*EXERCISE*. Look through the listing below and write out exactly the lines from the line with "an old door" to the line with "Una mano presenta", both included, and no others.

*SOURCE DATA*.

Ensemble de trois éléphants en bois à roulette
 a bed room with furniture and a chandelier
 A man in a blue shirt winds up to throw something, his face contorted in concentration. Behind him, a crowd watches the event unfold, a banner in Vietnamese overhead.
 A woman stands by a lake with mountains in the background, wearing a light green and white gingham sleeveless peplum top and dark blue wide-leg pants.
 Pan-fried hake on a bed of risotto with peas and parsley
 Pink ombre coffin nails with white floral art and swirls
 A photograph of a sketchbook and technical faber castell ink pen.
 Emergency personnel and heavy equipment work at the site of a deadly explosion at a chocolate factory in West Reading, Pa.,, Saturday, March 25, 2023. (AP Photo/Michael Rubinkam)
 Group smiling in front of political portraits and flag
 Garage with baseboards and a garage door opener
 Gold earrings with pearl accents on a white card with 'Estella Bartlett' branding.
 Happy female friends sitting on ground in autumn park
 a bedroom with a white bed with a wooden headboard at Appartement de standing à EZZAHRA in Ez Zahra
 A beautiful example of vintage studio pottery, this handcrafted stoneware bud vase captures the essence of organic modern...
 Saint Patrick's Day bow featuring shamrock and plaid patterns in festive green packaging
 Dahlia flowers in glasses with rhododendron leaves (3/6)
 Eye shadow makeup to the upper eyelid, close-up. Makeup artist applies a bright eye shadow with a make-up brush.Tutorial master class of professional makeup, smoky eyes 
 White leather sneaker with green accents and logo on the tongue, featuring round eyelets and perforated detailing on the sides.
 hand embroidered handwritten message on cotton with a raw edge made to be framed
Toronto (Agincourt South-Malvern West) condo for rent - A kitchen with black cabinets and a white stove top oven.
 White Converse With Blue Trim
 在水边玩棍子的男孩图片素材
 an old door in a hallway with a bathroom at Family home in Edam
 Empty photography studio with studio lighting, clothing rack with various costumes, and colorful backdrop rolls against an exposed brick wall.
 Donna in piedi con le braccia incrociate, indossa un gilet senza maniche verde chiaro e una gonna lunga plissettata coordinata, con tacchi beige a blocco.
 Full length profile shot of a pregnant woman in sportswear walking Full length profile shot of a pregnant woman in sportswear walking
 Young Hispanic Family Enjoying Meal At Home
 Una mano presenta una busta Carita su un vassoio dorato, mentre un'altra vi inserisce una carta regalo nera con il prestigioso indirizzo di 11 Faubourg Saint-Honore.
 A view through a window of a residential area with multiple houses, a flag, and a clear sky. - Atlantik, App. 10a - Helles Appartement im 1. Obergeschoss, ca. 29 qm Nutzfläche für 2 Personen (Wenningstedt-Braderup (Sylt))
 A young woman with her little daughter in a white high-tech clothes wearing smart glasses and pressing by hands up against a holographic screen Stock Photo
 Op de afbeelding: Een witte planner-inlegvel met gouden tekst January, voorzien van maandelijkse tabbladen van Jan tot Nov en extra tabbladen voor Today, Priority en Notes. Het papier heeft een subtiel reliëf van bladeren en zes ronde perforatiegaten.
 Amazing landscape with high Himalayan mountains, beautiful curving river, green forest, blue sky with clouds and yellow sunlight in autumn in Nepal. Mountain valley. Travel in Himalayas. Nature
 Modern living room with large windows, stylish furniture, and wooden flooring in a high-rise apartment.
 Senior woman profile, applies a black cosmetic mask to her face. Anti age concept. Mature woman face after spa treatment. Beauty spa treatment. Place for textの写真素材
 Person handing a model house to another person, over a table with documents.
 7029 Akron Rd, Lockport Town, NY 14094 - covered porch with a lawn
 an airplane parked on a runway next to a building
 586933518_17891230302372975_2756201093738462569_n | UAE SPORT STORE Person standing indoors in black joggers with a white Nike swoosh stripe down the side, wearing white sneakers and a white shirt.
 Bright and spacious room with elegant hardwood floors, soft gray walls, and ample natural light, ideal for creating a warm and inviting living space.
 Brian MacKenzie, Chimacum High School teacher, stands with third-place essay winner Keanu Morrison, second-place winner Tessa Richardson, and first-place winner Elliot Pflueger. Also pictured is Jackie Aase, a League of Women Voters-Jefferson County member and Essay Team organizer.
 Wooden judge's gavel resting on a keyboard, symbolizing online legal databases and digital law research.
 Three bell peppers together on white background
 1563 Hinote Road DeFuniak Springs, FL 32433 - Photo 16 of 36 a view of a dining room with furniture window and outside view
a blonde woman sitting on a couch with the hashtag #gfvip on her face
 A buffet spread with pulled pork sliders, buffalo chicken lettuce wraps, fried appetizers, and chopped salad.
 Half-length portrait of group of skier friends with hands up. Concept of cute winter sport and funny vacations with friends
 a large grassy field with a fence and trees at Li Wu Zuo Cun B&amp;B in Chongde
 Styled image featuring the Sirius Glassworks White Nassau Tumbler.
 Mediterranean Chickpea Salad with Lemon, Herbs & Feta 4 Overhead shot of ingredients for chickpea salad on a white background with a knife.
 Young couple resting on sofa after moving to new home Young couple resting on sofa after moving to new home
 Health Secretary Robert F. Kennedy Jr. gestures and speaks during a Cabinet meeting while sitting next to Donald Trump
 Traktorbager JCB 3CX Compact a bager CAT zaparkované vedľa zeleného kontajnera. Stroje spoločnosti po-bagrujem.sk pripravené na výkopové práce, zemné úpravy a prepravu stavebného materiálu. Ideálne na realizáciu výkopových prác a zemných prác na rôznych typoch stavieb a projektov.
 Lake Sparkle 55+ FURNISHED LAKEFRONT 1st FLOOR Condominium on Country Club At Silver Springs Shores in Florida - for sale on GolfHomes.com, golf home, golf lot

*SOLUTION*.
 an old door in a hallway with a bathroom at Family home in Edam
 Empty photography studio with studio lighting, clothing rack with various costumes, and colorful backdrop rolls against an exposed brick wall.
 Donna in piedi con le braccia incrociate, indossa un gilet senza maniche verde chiaro e una gonna lunga plissettata coordinata, con tacchi beige a blocco.
 Full length profile shot of a pregnant woman in sportswear walking Full length profile shot of a pregnant woman in sportswear walking
 Young Hispanic Family Enjoying Meal At Home
 Una mano presenta una busta Carita su un vassoio dorato, mentre un'altra vi inserisce una carta regalo nera con il prestigioso indirizzo di 11 Faubourg Saint-Honore.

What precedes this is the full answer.